例えば見積り工数がブレる、成果物の品質が低い、仕様変更が頻発する、といった問題も元をたどれば要件定義の問題に起因することが驚くほど多いものです。
考えてみれば、何を実現すべきなのか曖昧なままで、QCDをきちんと満たすものが開発できるはずがありません。また、大きなプロジェクトになるほど途中で要件が変更となる(変更せざるを得ない)ケースもよく発生しますので、適切に要件定義書を更新するといったことも必要となります。
業務担当者とIT担当者のいずれかが要件定義に慣れていない場合、失敗のリスクがかなり高くなりますし、さらに、双方とも慣れていない場合は、私の経験上、ほぼ100%の確率で何らかの問題が起こると言えるほどです。
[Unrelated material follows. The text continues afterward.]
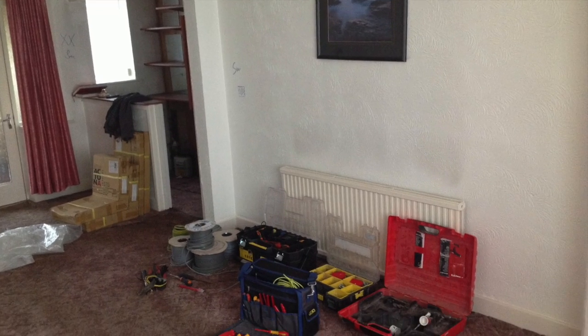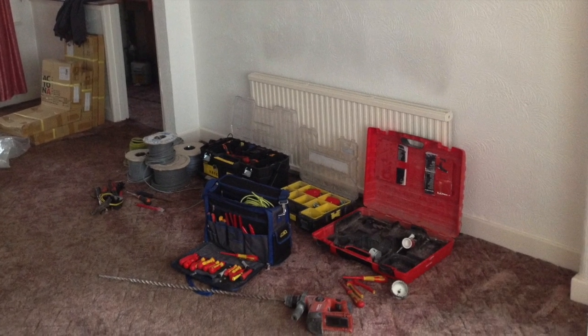At Foxtog, both property owner and tenant have access to their own property service agent, who acts as an asset manager for the property owner and a guide and advisor to the tenant. Each property service agent has a good grounding in property maintenance skills, meaning they're able to respond quickly and effectively to most minor maintenance issues encountered along the way.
業務担当者、IT担当者とも要件定義を専門としている人は多くありませんし、また異動により要件定義に慣れていない人が参画してくるケースは常に発生するので、やむを得ない側面もあります。
そんな問題を解決する存在となり得るのがbusiness analyst(ビジネスアナリスト)です。
business analystは「要件定義に慣れていない人を相手にすること」に慣れていて、必要な情報を適切に引き出してきちんとドキュメントにまとめるスキルを有していると期待されます。
もしあなたの会社でまだこのような専任ポジションがない場合は、新設を検討・提案してみる価値があるでしょう。